Her reminiscence affirms the power of the legend:
"All Loretto girls were drilled in the story of the staircase by Sister Sylvester, a woman with an uncanny resemblance to a bulldog. The staircase makes two complete 360-degree turns in 18 feet--a feat that engineers say is not technically possible. The steps and risers are made from one continuous piece of the mystery wood. There are no nails, only wooden pegs, and the staircase stands unsupported.
"The sisters believed, unshakeably, that the old man on the donkey was St. Joseph, the patron saint of carpenters, come to answer their prayers personally. They were somewhat matter-of-fact about the whole matter.
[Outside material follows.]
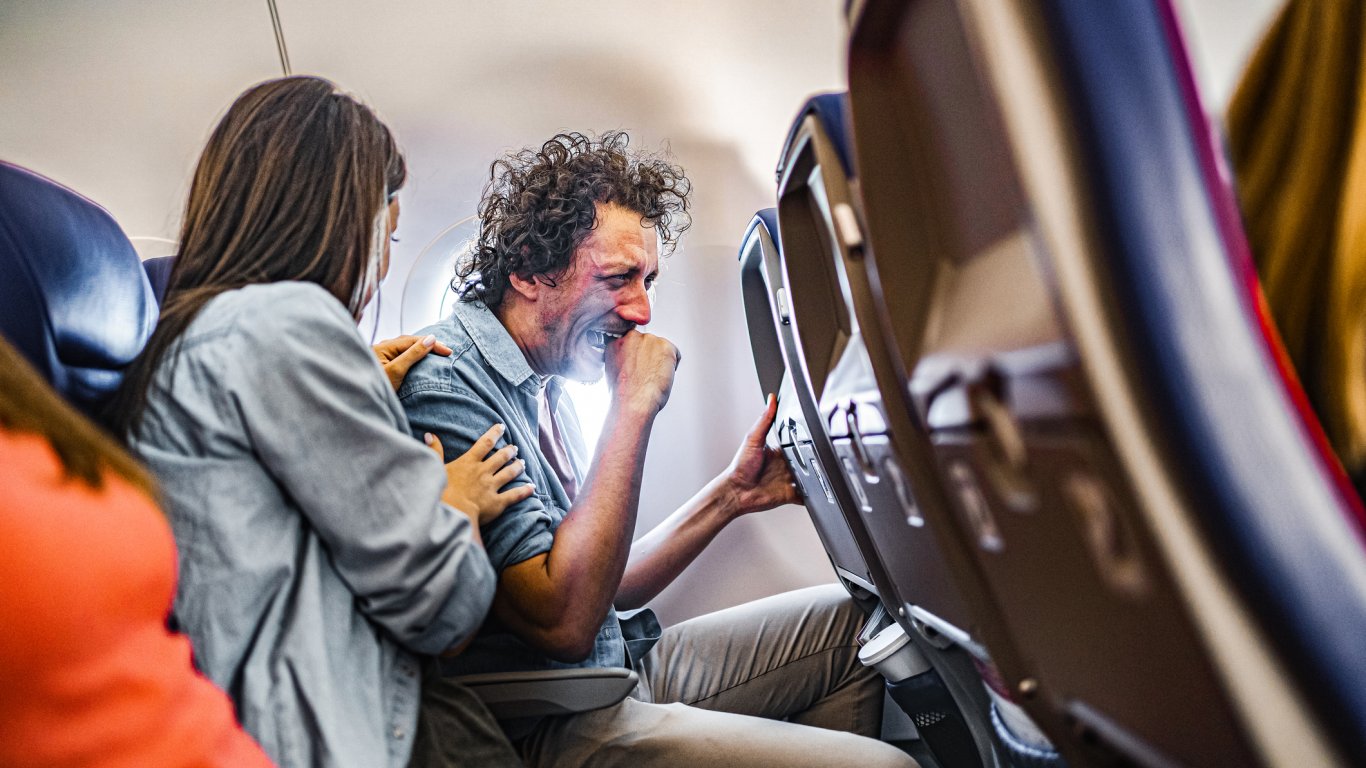 Убедени са, че имат право: Пасажерите в самолетите пощуряват, пият и буйстват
If, after all, you need something done, go to the man in charge."
Alas, the Arizona Republic story, sent to me by Rose Taylor of Phoenix, seeks to undermine that pretty legend by reporting that its builder was a visiting Viennese craftsman named Yohon Hadwiger, that the wood was a local pine, and that magnets have disclosed interior steel supports.
These legend-shattering speculations have been brought forth by Mary Jean Cook, a Santa Fe writer and historian, and Myra Ellen Jenkins of the Historic Santa Fe Foundation.
"We're going to rewrite that history," said Jenkins. "We sometimes have a hard time in Santa Fe trying to keep our history straight. That chapel is a little jewel, and as a historian, I think the facts of the staircase are much more interesting than the fantasy. . . . But there is a certain resistance to the facts here."
As for the legend that Frank Lloyd Wright designed the Biltmore, I have documented evidence to the contrary from Dalia Blitzer and from Manfred McArthur, son of the true architect.
McArthur writes that his father, Albert Chase McArthur, was the architect of record on the fabulous "jewel of the desert." He encloses an article published by the hotel's current managing firm, Westin Corp., which asserts that McArthur was the architect, but notes that McArthur was a former student of Wright who hoped to design the building in the spirit of Wright's concepts.
It says, "He had served as an apprentice draftsman to Wright in his 20s and considered the now-famous American architect his mentor."
McArthur used a kind of ornamental concrete blocks that Wright had first used in a Pasadena house, and actually employed Wright, his former master, to come out and help with the construction. This uneasy relationship lasted only four months. Wright later said the building was turning out "even worse" than he thought it would.
Disturbed by the persistent public assumption that Wright was in fact the architect, McArthur asked Wright for a clarifying statement: "All I have done in connection with the building of the Arizona Biltmore," Wright wrote, "I have done for Albert McArthur himself at his sole request, and for none other. Albert McArthur is the architect of that building."
Later McArthur inscribed a magazine article about the building to Wright: "To F.L.W., my master, without whose aid the Biltmore would hardly have been possible."
It is little wonder that when a famous architect is associated in the construction of a project that reflects his concepts and his identity, the public is likely to believe that he was the architect.
We know now that Frank Lloyd Wright did not design the Biltmore, just as we know that St. Joseph did not build the staircase in the Loretto Chapel.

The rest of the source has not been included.